L'Allemagne est venue mardi apporter une note discordante au concert de louanges adressées au Fonds monétaire international, lors de l'ouverture de son assemblée annuelle à Istanbul, en remettant en cause les ambitions de son directeur général Dominique Strauss-Kahn.
Dans le consensus qui se dégageait pour faire du FMI l'organe central de surveillance de l'économie mondiale et le sauveur des pays en difficulté, Berlin a affiché son désaccord.
"Nous ne sommes pas convaincus que le FMI doive prendre à sa charge une fonction d'assurance généralisée pour les obligations financières du secteur public", a expliqué le pays, dans un discours écrit par le président de la banque centrale Axel Weber, et prononcé par un représentant allemand au FMI.
Cette prise de position vient radicalement contredire l'ambition du directeur général du FMI Dominique Strauss-Kahn de faire du Fonds un "prêteur en dernier ressort" aux Etats en difficulté.
"Les propositions d'étendre les activités de prêt du Fonds pour inclure un soutien budgétaire direct soulèvent des questions pour savoir si cela est conforme au mandat du FMI", a expliqué l'Allemagne.
Une autre ambition de l'ancien ministre français des Finances est de pérenniser les ressources exceptionnelles mises à disposition du Fonds par ses Etats membres, soit 500 milliards de dollars qui ne lui seront que prêtés.

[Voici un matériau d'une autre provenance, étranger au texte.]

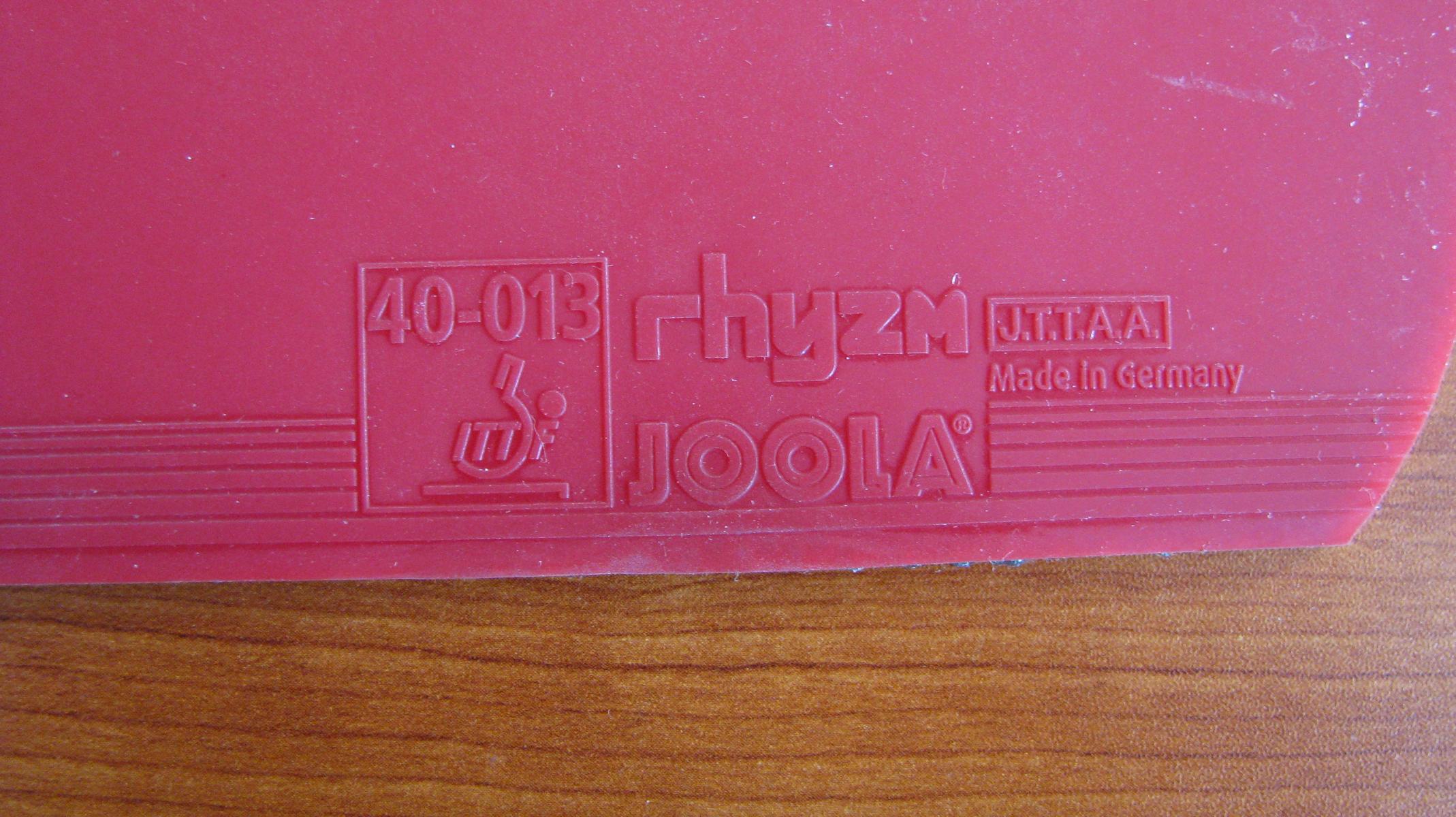 [ԭ��]@@@��װ�����ӣ���ʵ��������������Ž�Ƥ������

Cette hausse des ressources "doit être considérée comme une mesure provisoire, prise en réaction face aux développements extraordinaires dans l'économie mondiale", a expliqué M. Weber, qui craint que le FMI "soit tenté de rechercher des activités au-delà de sa mission monétaire originale".

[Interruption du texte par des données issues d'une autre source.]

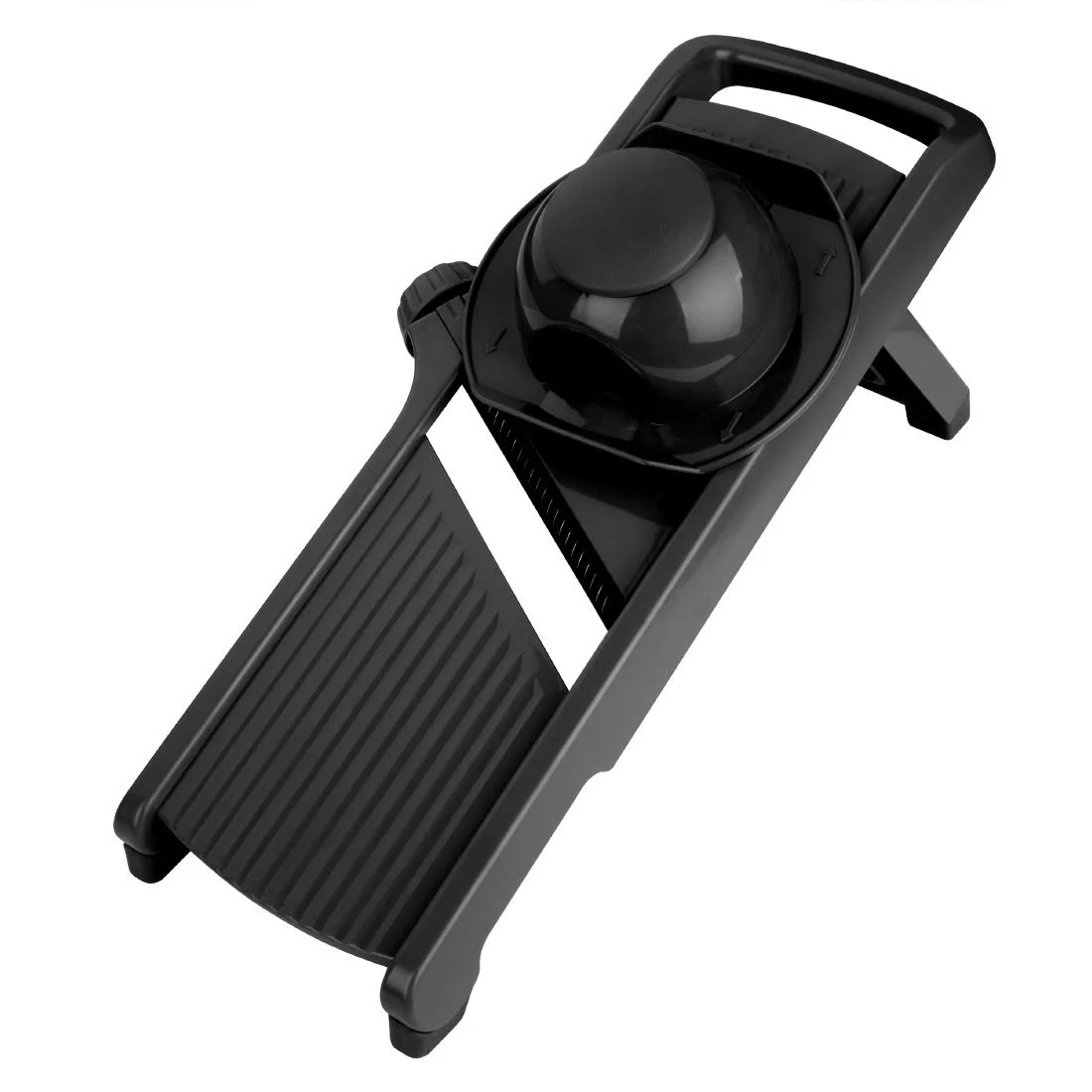 Vogue Large Mandoline Slicer - Image 2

L'Allemagne n'a pourtant pas rechigné à apporter sa contribution.
Parmi les plus de 500 milliards de dollars promis par les Etats membres du FMI, effort auquel l'Union européenne veut participer à hauteur de 125 milliards d'euros, elle a été parmi les premiers à passer aux actes, signant le sixième accord de prêt du FMI, pour lui prêter à ce jour 15 milliards d'euros.
Le montant représente un cinquième de la première promesse de l'UE (75 milliards), conformément à son poids dans l'économie des 27.
L'opposition de Berlin ne devrait cependant pas bloquer le processus de réforme du rôle du FMI. La position allemande est restée isolée, les autres grands Etats membres s'exprimant mardi ayant tous salué l'élargissement de sa mission.
Le gouverneur allemand dispose de 5,88% des droits de vote au conseil d'administration du Fonds, où une majorité de 85% est nécessaire.
Le chef de la Bundesbank, connu pour son orthodoxie sur les questions de politique monétaire, est allé plus loin.
Après la distribution par le FMI en août et septembre de 283 milliards de dollars à ses 186 Etats membres sous forme de Droits de tirage spéciaux (DTS, la monnaie du FMI) servant de réserves en devise, il a demandé que cette décision soit "réexaminée une fois que le système financier mondial se sera pleinement rétabli".
Le FMI considère pour sa part que la taille infime de ces 283 milliards de dollars dans la masse monétaire mondiale n'induit aucun risque de déstabilisation, en particulier d'inflation. Et l'idée de revenir sur une allocation de DTS n'est pas prévue dans ses statuts.
A la Banque mondiale, dont c'est aussi l'assemblée annuelle, l'Allemagne n'est pas seule à formuler des critiques. Alors que l'institution multilatérale de développement réclame une augmentation de capital, plusieurs de ses Etats membres, les Etats-Unis en tête, ont demandé qu'elle l'utilise d'abord pour les plus pauvres, ou qu'elle se réforme en profondeur.
"La Banque mondiale va améliorer sa légitimité, son efficacité et sa transparence", a promis mardi son président Robert Zoellick.